(Supplied records begins)

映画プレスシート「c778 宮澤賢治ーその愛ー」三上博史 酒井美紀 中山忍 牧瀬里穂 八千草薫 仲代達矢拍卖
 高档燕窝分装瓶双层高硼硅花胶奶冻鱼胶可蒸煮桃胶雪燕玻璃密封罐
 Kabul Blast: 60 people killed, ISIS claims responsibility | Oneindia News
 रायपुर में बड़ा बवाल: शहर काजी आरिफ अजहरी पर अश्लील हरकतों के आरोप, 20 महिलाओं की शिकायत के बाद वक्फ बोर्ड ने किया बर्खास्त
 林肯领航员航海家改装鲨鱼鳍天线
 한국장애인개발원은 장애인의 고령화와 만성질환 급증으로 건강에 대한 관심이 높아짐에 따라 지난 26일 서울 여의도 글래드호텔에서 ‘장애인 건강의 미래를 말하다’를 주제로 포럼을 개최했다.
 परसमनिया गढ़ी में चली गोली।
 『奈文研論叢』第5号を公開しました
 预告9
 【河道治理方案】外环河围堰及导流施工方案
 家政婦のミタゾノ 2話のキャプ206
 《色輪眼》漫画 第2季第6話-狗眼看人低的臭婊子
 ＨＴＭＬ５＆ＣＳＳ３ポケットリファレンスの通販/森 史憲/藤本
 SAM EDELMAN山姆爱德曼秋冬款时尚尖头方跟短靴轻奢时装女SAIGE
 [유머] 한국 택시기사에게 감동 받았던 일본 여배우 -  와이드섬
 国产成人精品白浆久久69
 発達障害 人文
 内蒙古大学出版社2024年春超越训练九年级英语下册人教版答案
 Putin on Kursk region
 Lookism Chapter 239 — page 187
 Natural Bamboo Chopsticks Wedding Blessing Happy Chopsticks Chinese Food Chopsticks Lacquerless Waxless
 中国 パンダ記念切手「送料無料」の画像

(Supplied records ends)

• Your instructions
Set down, exactly and in full, the lines from the one containing "Natural Bamboo Chopsticks" through the end of the entries; no other line belongs.

• Answer to the problem
 Natural Bamboo Chopsticks Wedding Blessing Happy Chopsticks Chinese Food Chopsticks Lacquerless Waxless
 中国 パンダ記念切手「送料無料」の画像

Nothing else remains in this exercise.